Task goal: When you reach the records below, output every one exactly as written but leave out any pictures.

* * * * * * *

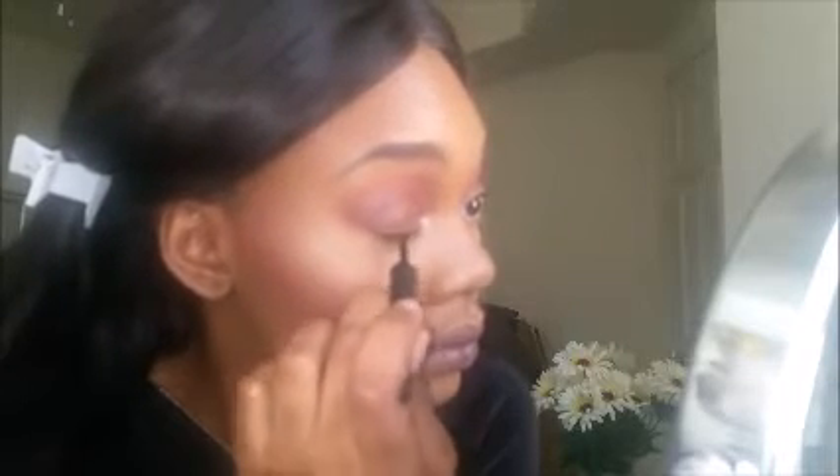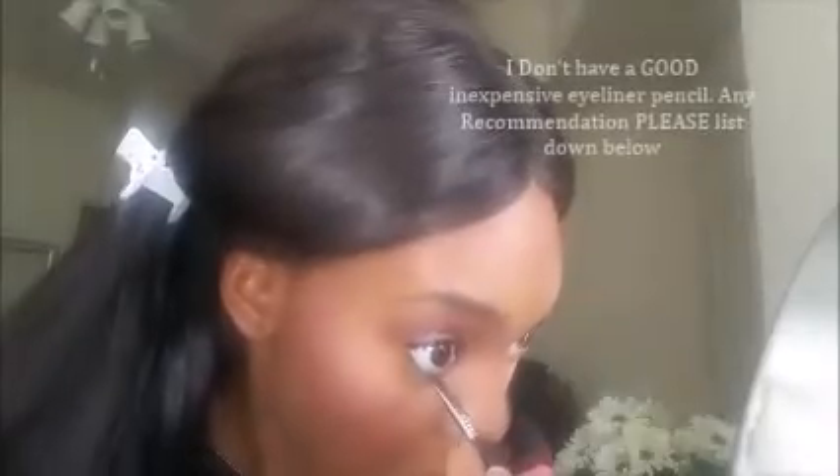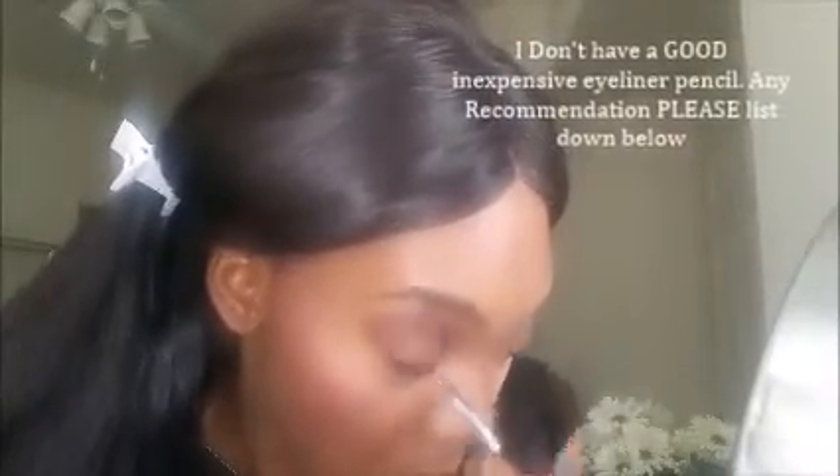I'm taking my NYX Ice Mocha in my inner tear duct, then lining my eyes. I love this eyeliner — it's so inexpensive and works just as great as a high-end eyeliner, if not better. I'm taking my Maybelline Lash Sensational mascara for my top lashes to prep them for false lashes, then using my Maybelline gel eyeliner to line my bottom lash line since I don't have a black lower lash pencil.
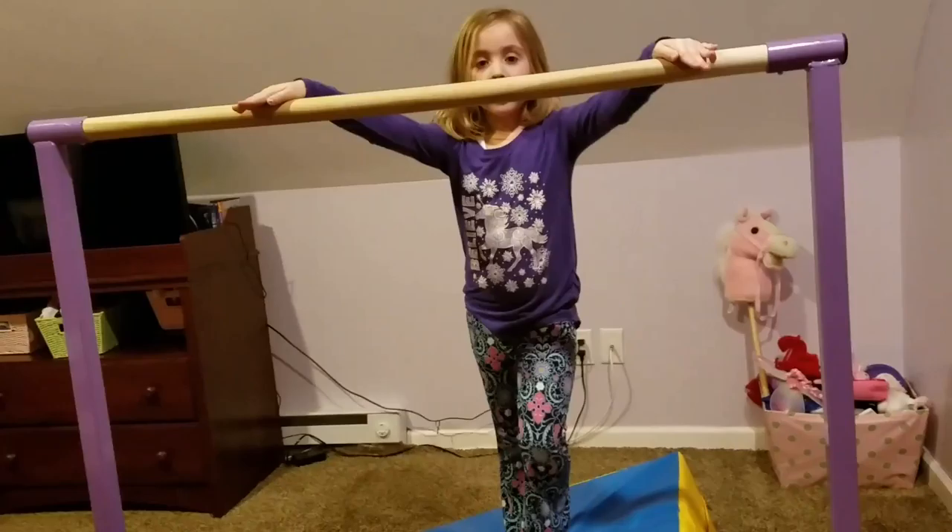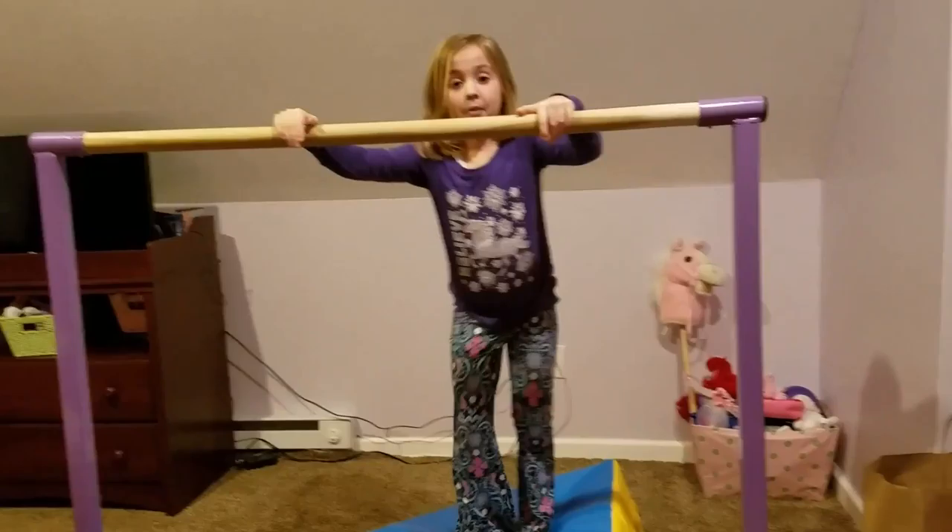Hi, I'm Karen. Today I'm going to go on my gymnastics bar. And first, I'm going to start off with a very easy flip.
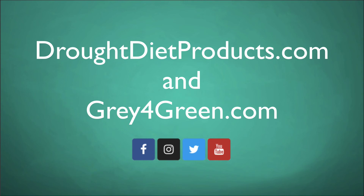You can find us at droughtdietproducts.com. For urban applications, find us at graveforgreen.com. Plus all the social media networks.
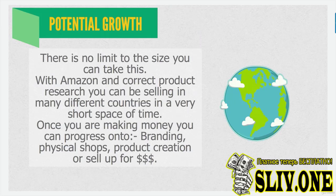There is no limit to the potential growth — absolutely none. With Amazon and correct product research, you can be selling in many different countries in a very short space of time. Once you're making money, you can progress onto branding, physical shops, product creation, or just sell up. Amazon is making it very easy to move your products from warehouse to warehouse all over the world and truly be an international company. Once you get those products selling, it becomes very easy to escalate into a big company very quickly.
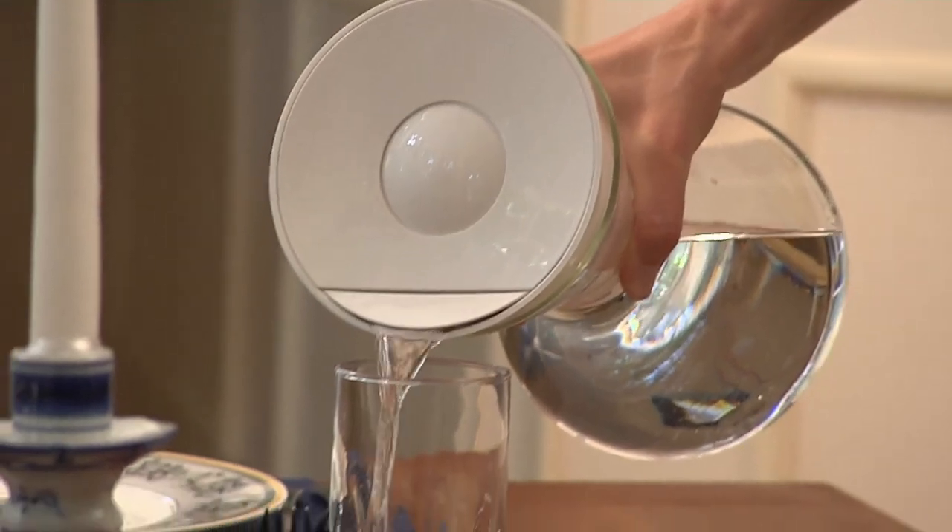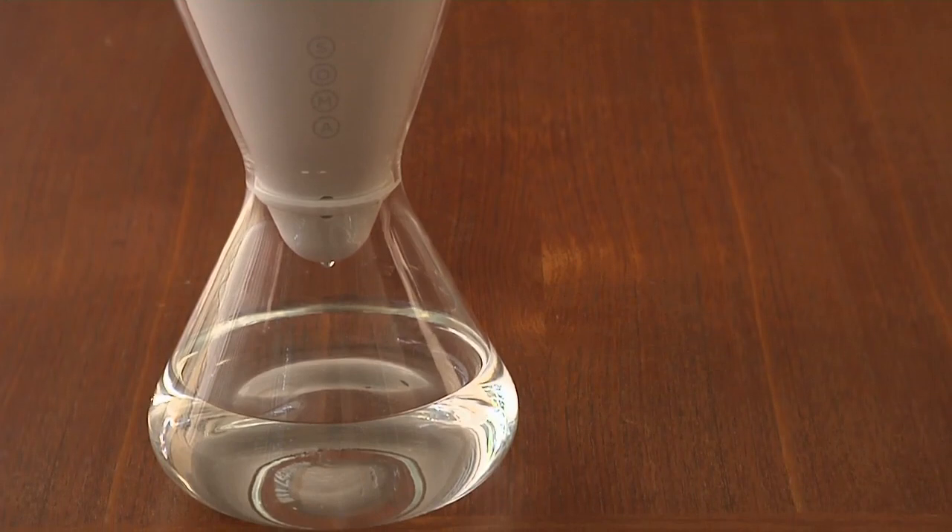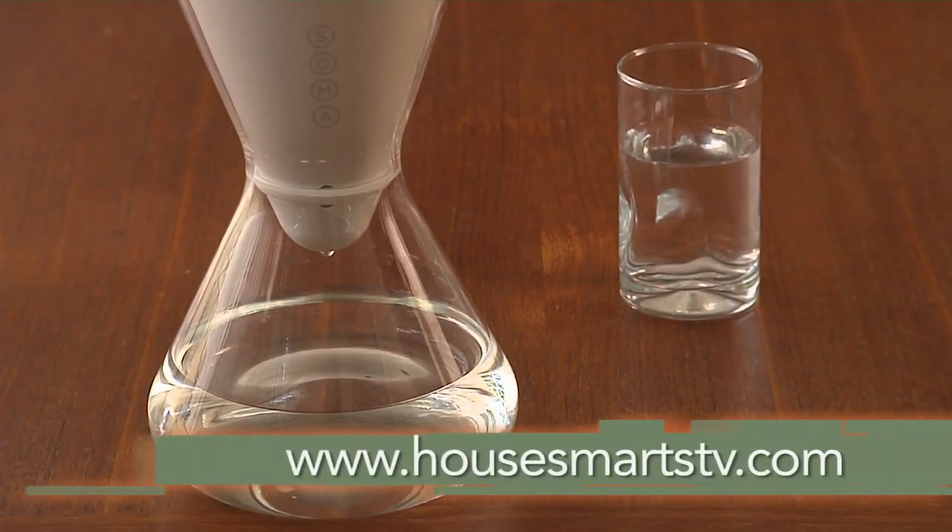The carafe goes from dishwasher to fridge to table, and new filters can be shipped to your door. For details on Soma, visit HouseSmartstv.com.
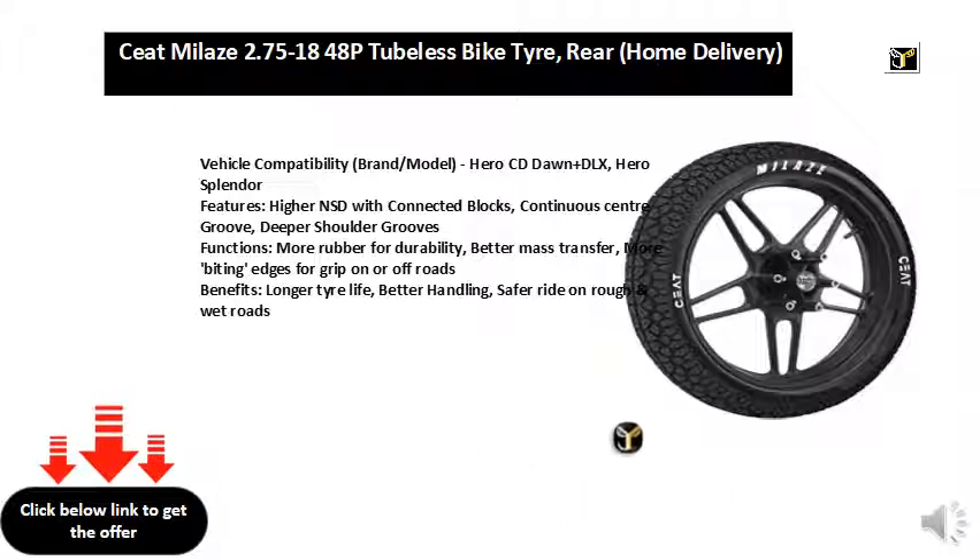Benefits: longer tire life, better handling, and a safer ride on rough and wet roads.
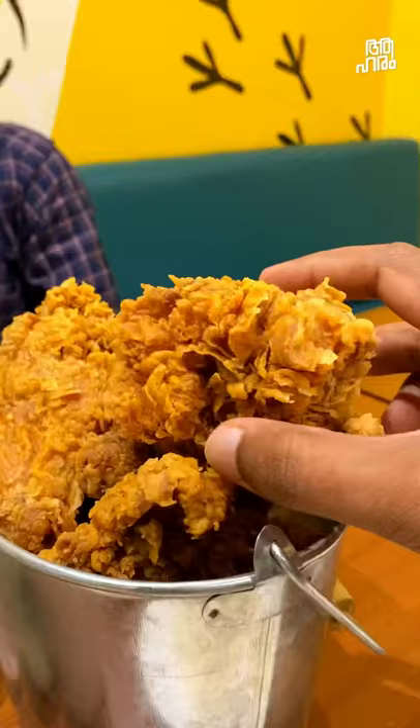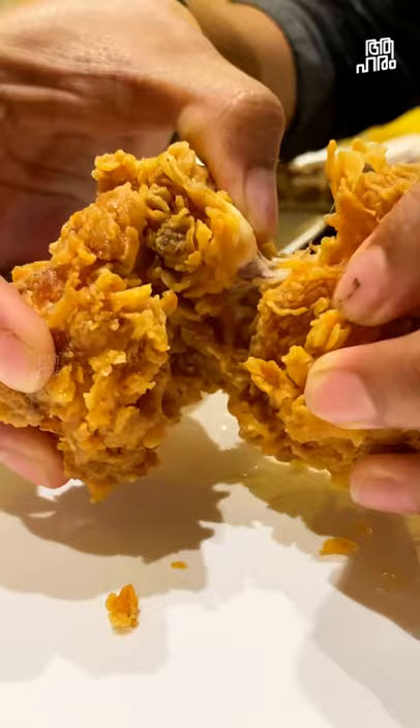What do we know about fried chicken? This is one of the best fried chicken. That's what I'm saying. So crispy.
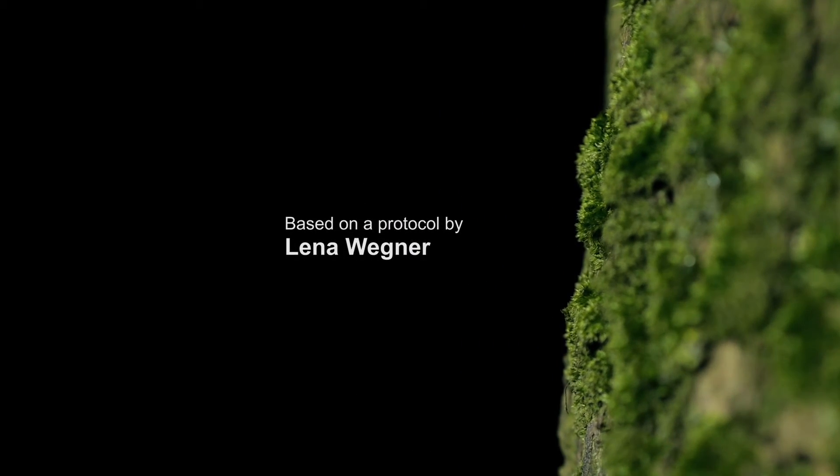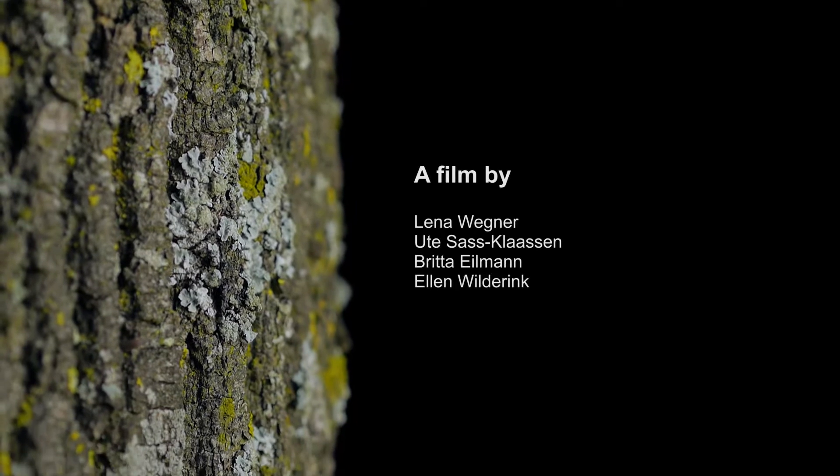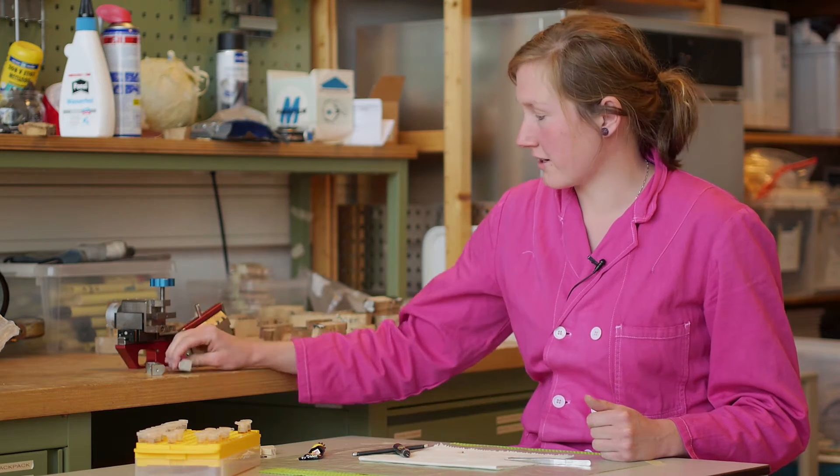Thank you very much for joining us! If you take microcores with a Trephor, you will get very small samples with a diameter of 2 mm or even less. You cannot clamp these into a microtome because the samples are just too small, and even additional clamps don't help.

* * * * * * *

Written response:
I'm taking my NYX Ice Mocha in my inner tear duct, then lining my eyes. I love this eyeliner — it's so inexpensive and works just as great as a high-end eyeliner, if not better. I'm taking my Maybelline Lash Sensational mascara for my top lashes to prep them for false lashes, then using my Maybelline gel eyeliner to line my bottom lash line since I don't have a black lower lash pencil.
Hi, I'm Karen. Today I'm going to go on my gymnastics bar. And first, I'm going to start off with a very easy flip.
You can find us at droughtdietproducts.com. For urban applications, find us at graveforgreen.com. Plus all the social media networks.
There is no limit to the potential growth — absolutely none. With Amazon and correct product research, you can be selling in many different countries in a very short space of time. Once you're making money, you can progress onto branding, physical shops, product creation, or just sell up. Amazon is making it very easy to move your products from warehouse to warehouse all over the world and truly be an international company. Once you get those products selling, it becomes very easy to escalate into a big company very quickly.
The carafe goes from dishwasher to fridge to table, and new filters can be shipped to your door. For details on Soma, visit HouseSmartstv.com.
Benefits: longer tire life, better handling, and a safer ride on rough and wet roads.
What do we know about fried chicken? This is one of the best fried chicken. That's what I'm saying. So crispy.
Thank you very much for joining us! If you take microcores with a Trephor, you will get very small samples with a diameter of 2 mm or even less. You cannot clamp these into a microtome because the samples are just too small, and even additional clamps don't help.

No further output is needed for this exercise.